*** Block opens ***

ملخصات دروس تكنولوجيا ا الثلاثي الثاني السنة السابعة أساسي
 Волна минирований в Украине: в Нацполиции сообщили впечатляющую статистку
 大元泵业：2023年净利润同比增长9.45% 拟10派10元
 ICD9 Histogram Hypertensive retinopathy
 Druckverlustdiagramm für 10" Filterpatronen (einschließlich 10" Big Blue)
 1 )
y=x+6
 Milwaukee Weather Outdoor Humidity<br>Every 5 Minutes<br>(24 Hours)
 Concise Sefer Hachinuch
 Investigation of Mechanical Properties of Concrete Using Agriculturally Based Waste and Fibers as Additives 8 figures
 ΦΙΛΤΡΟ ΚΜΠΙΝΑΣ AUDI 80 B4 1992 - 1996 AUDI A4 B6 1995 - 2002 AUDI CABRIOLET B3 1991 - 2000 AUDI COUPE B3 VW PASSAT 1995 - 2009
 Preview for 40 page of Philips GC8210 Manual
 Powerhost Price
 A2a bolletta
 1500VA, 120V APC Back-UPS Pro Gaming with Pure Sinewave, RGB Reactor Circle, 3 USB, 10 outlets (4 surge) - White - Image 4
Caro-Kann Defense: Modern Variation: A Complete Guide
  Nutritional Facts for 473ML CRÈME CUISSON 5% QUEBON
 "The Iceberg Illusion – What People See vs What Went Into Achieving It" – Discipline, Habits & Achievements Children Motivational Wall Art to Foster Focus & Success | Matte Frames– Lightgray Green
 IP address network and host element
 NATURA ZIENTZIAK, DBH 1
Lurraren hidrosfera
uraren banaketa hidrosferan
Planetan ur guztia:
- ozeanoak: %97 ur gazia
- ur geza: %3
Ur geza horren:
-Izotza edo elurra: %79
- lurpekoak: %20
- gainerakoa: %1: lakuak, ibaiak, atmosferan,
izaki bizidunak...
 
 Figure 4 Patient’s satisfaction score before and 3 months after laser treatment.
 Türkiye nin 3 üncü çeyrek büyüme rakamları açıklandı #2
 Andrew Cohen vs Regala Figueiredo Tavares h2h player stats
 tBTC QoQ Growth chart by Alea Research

*** Block closes ***

| ABOUT THIS TASK |
Give only the lines from the one holding "A2a bolletta" through the one holding "Lurraren hidrosfera", each restated exactly as it appears above.

| OUTPUT OF THE EXERCISE |
 A2a bolletta
 1500VA, 120V APC Back-UPS Pro Gaming with Pure Sinewave, RGB Reactor Circle, 3 USB, 10 outlets (4 surge) - White - Image 4
Caro-Kann Defense: Modern Variation: A Complete Guide
  Nutritional Facts for 473ML CRÈME CUISSON 5% QUEBON
 "The Iceberg Illusion – What People See vs What Went Into Achieving It" – Discipline, Habits & Achievements Children Motivational Wall Art to Foster Focus & Success | Matte Frames– Lightgray Green
 IP address network and host element
 NATURA ZIENTZIAK, DBH 1
Lurraren hidrosfera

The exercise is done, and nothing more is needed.